* Work task:
Give the entries back exactly as they stand, but without pictures.

Dataset excerpts
-- Opening Marker --

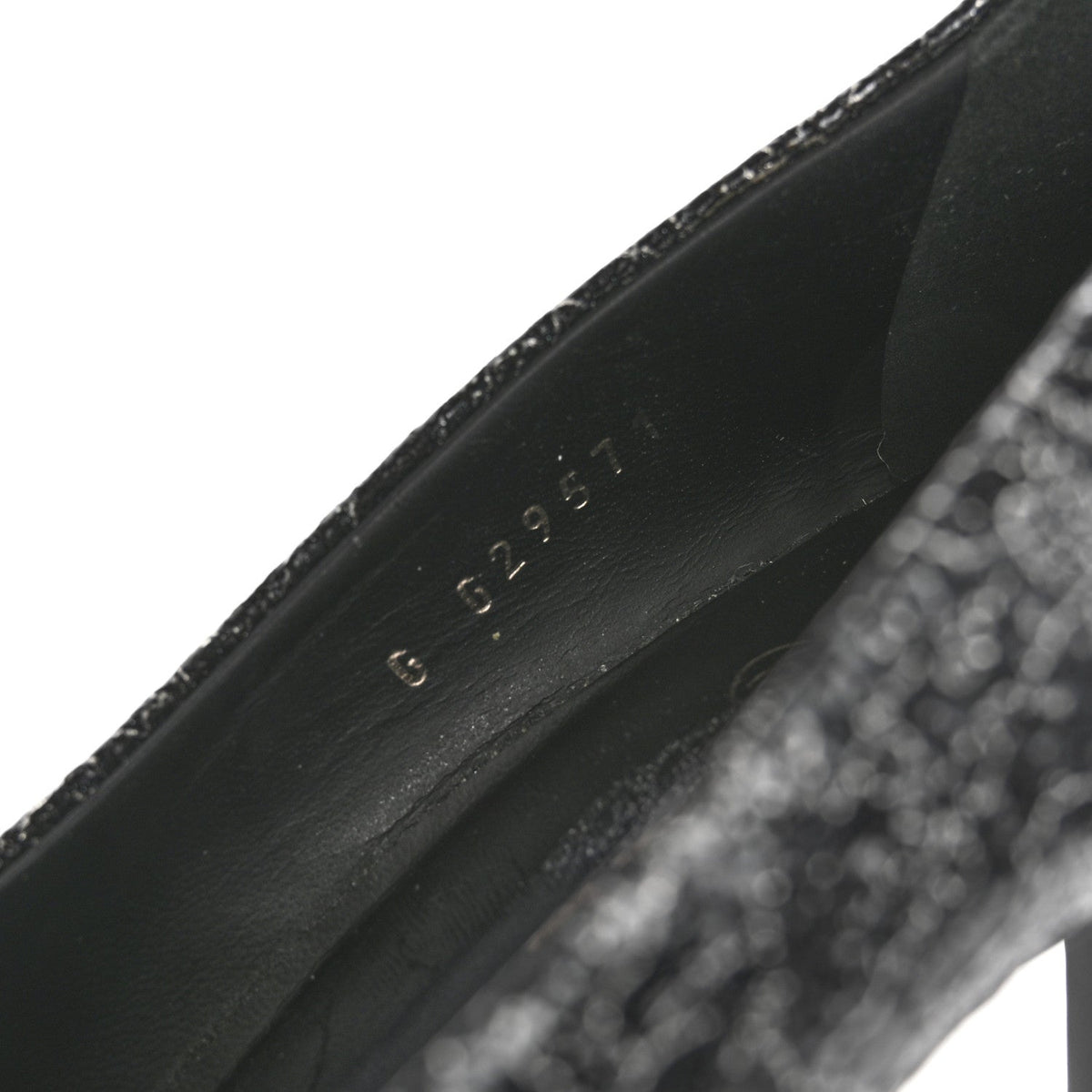 Chanel Metallic Crackled Calfskin Patent Cap Toe Women's Pumps 41 Silver Black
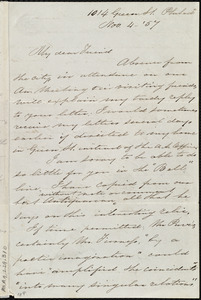 Letter from Sarah Pugh, 1014 Green St., Philad[elphia], [Penn.], to Maria Weston Chapman, Nov. 4, [18]57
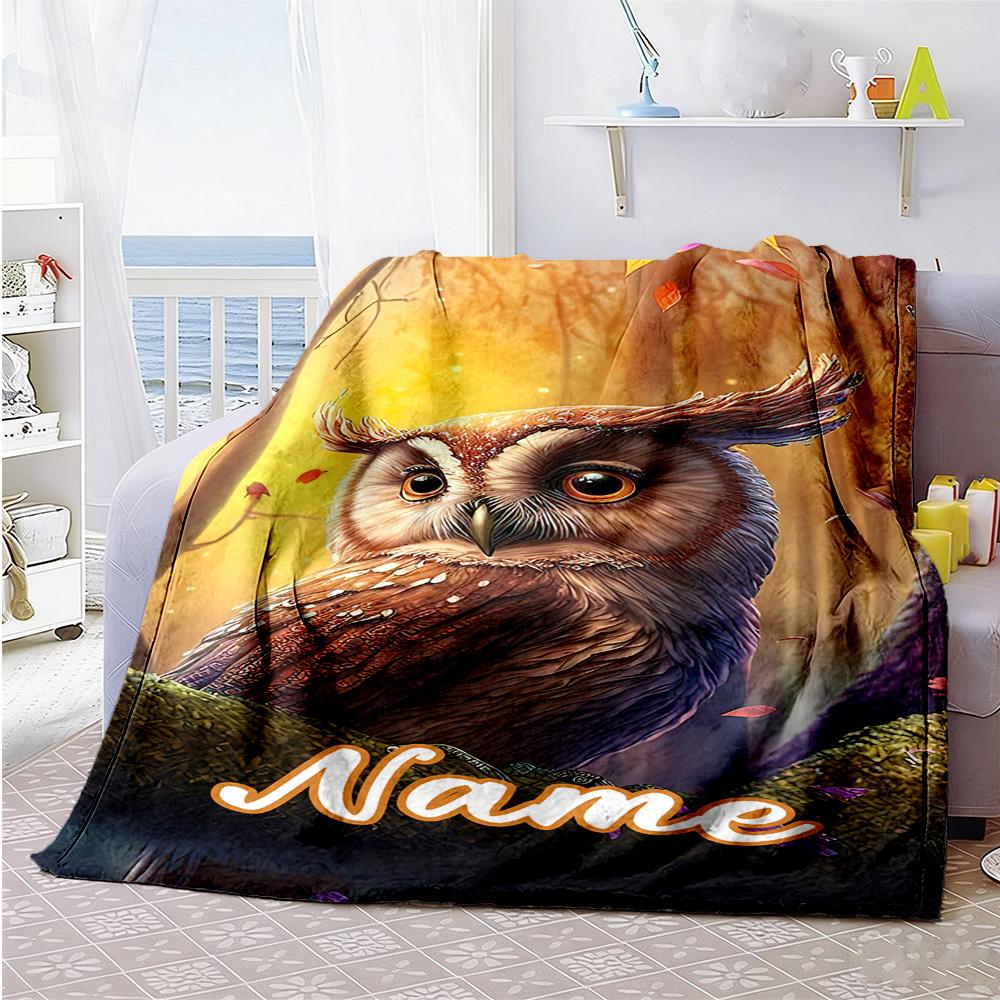 Owl Customize Text Blanket Throw Customizable Blanket Durable Comfort Throw For Livingroom Living Room Picnics Bed Four Seasons Universal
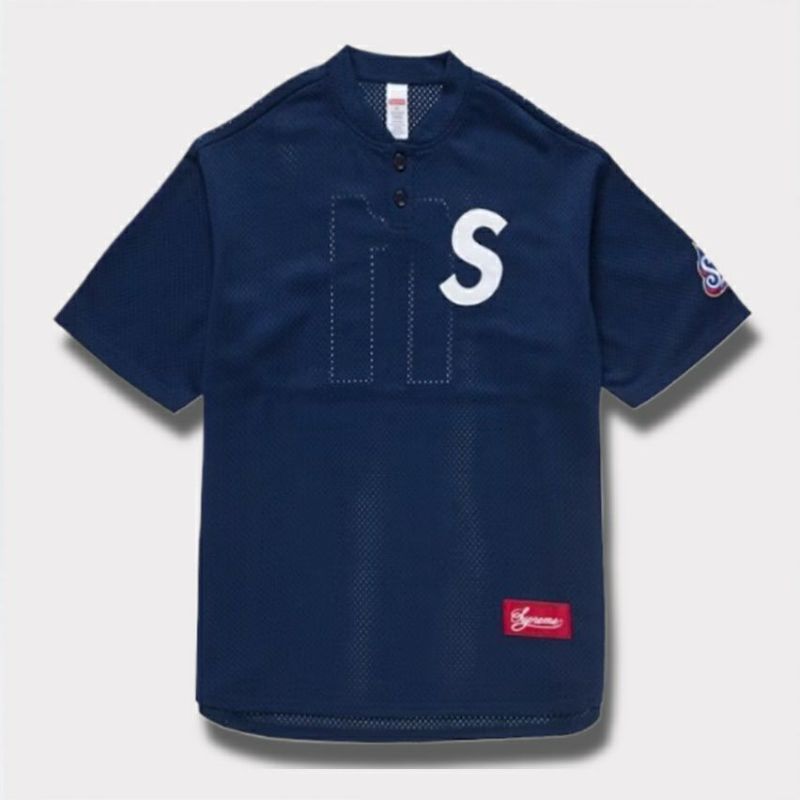 新作 supreme s logo baseball henley ネイビー1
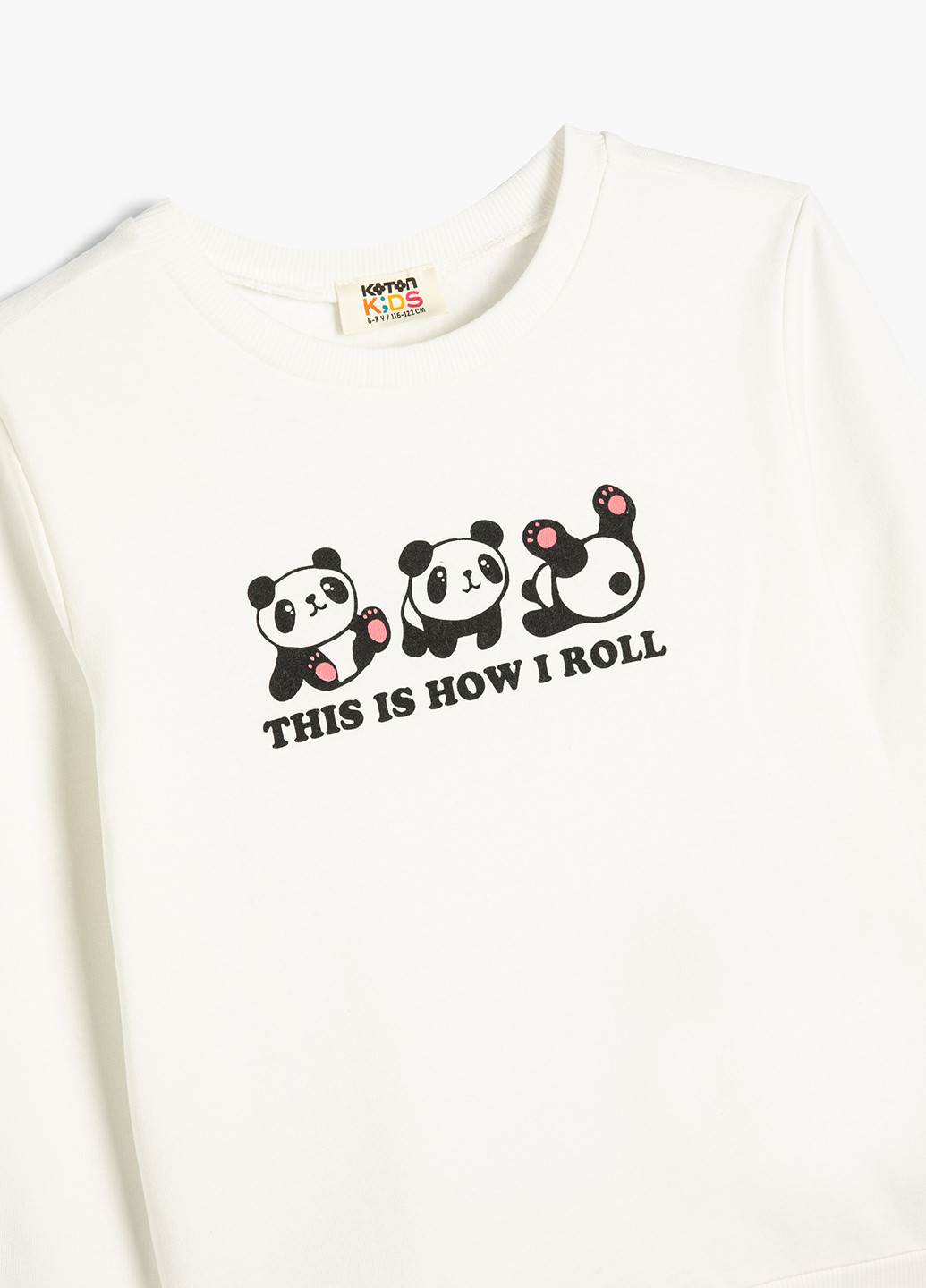 KOTON світшот панда молочний кежуал бавовна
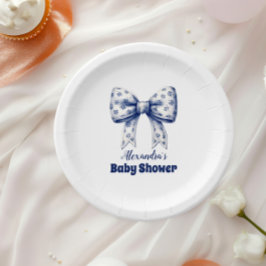 Aquarell Ribbon Dusty Blue Bow Pappteller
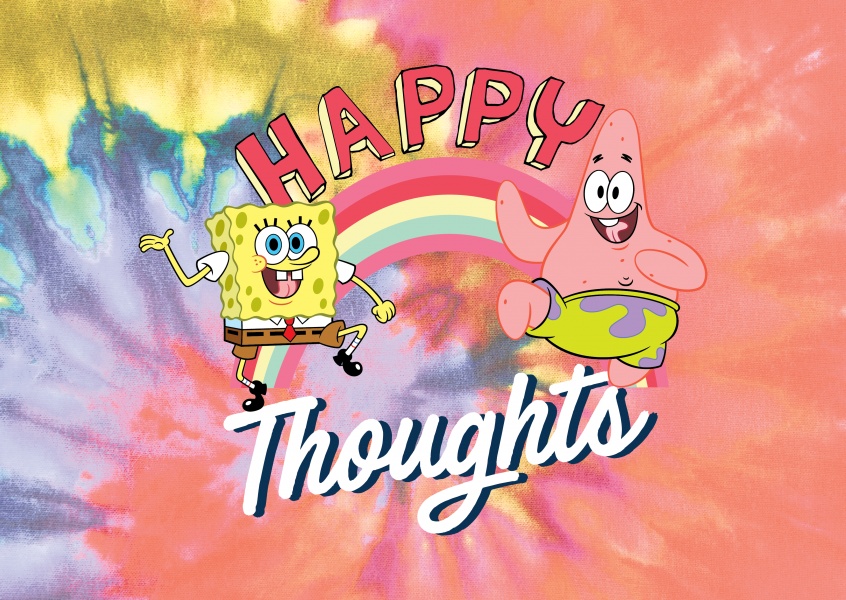 Happy Thoughts - Spongebob and Patrick on a Tye-Dye background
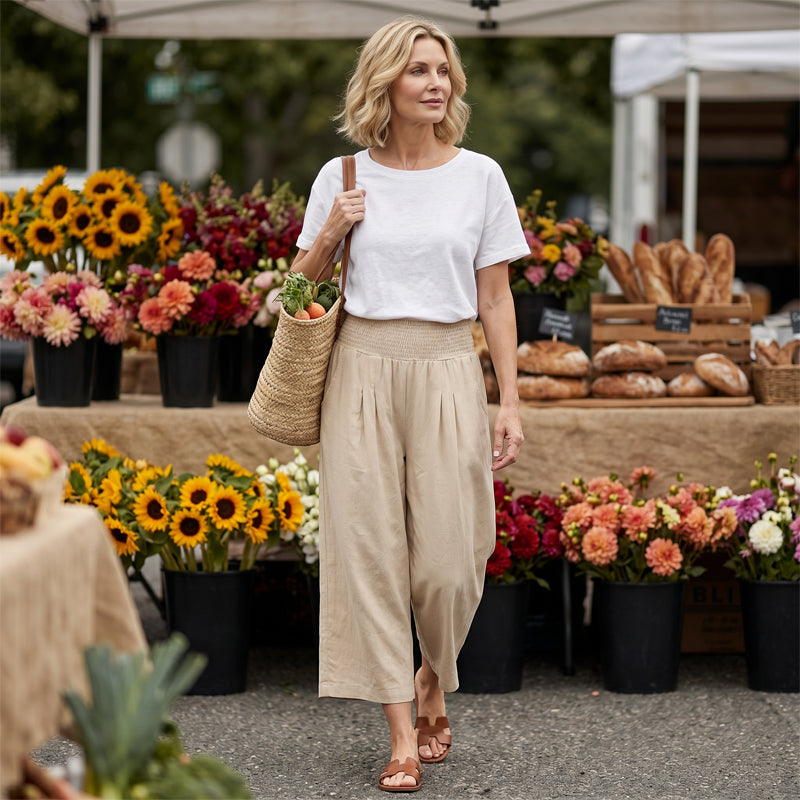 ⏰🔥 TIJDELIJK 50% KORTING! 👖 Lichtgewicht cropped broek voor dames met elastische taille (S-3XL) – Comfortabel, soepel vallend & perfect voor casual zomeroutfits ✨🌿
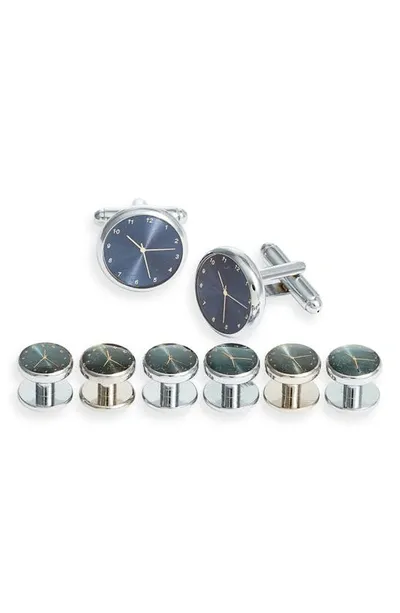 Clifton Wilson Clock Cuff Link & Stud Set In Silver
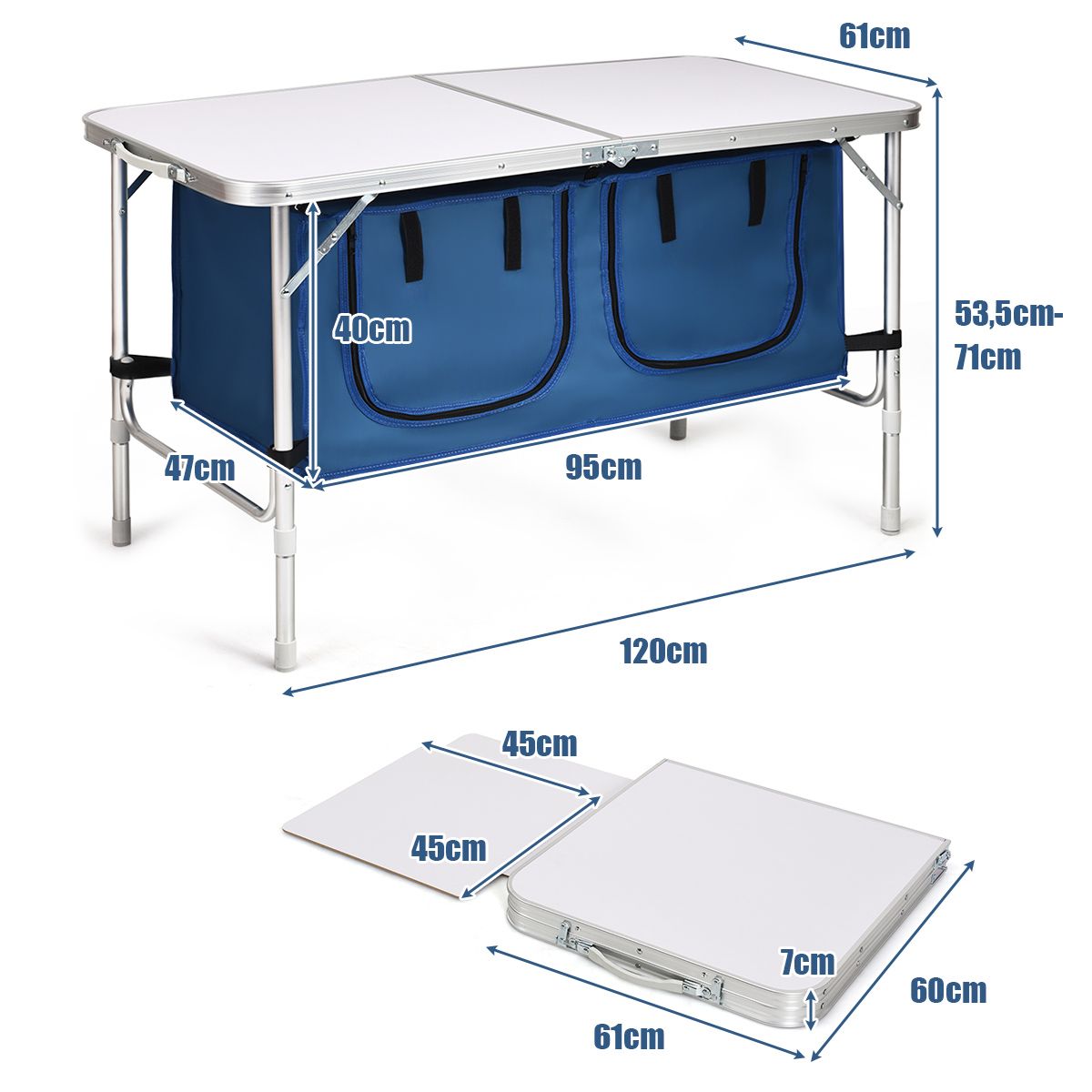 Coast Campingtisch mit Stauraum – höhenverstellbar – zusammenklappbar – dunkelblau 120 x 60 cm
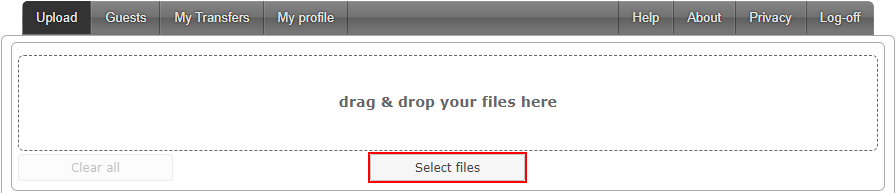 Screenshot of the top section of the FileSender page with the Select Files button highlighted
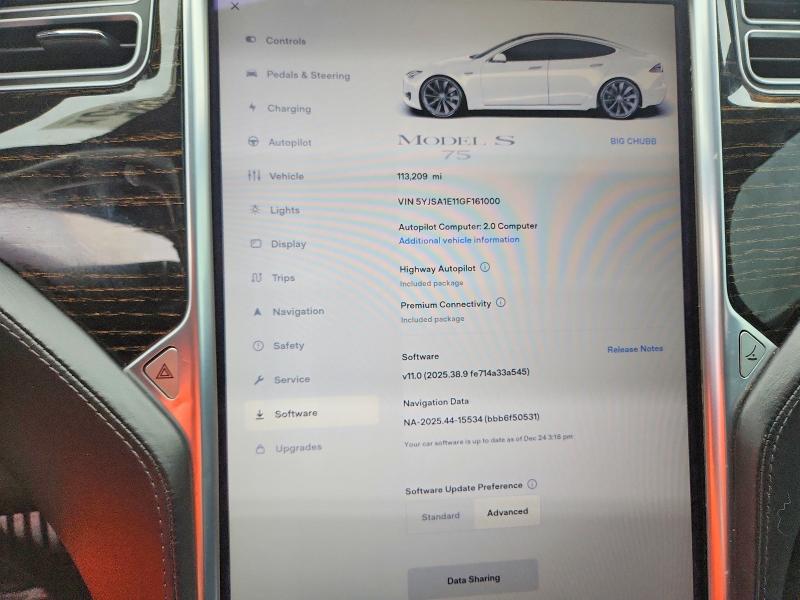 Photo 9 from auction – 2016 TESLA MODEL S with VIN 5YJSA1E11GF161000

-- Closing Marker --

* Your response:
 Chanel Metallic Crackled Calfskin Patent Cap Toe Women's Pumps 41 Silver Black
 Letter from Sarah Pugh, 1014 Green St., Philad[elphia], [Penn.], to Maria Weston Chapman, Nov. 4, [18]57
 Owl Customize Text Blanket Throw Customizable Blanket Durable Comfort Throw For Livingroom Living Room Picnics Bed Four Seasons Universal
 新作 supreme s logo baseball henley ネイビー1
 KOTON світшот панда молочний кежуал бавовна
 Aquarell Ribbon Dusty Blue Bow Pappteller
 Happy Thoughts - Spongebob and Patrick on a Tye-Dye background
 ⏰🔥 TIJDELIJK 50% KORTING! 👖 Lichtgewicht cropped broek voor dames met elastische taille (S-3XL) – Comfortabel, soepel vallend & perfect voor casual zomeroutfits ✨🌿
 Clifton Wilson Clock Cuff Link & Stud Set In Silver
 Coast Campingtisch mit Stauraum – höhenverstellbar – zusammenklappbar – dunkelblau 120 x 60 cm
 Screenshot of the top section of the FileSender page with the Select Files button highlighted
 Photo 9 from auction – 2016 TESLA MODEL S with VIN 5YJSA1E11GF161000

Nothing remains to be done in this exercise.